### What the task requires
Word for word, give again the line holding "Pantalon large à" and each line after it to the end of the listing below.

### Supplied data

--------

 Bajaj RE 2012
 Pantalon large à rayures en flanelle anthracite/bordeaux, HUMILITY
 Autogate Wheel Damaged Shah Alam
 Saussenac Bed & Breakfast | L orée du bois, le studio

--------

### Output of the task
 Pantalon large à rayures en flanelle anthracite/bordeaux, HUMILITY
 Autogate Wheel Damaged Shah Alam
 Saussenac Bed & Breakfast | L orée du bois, le studio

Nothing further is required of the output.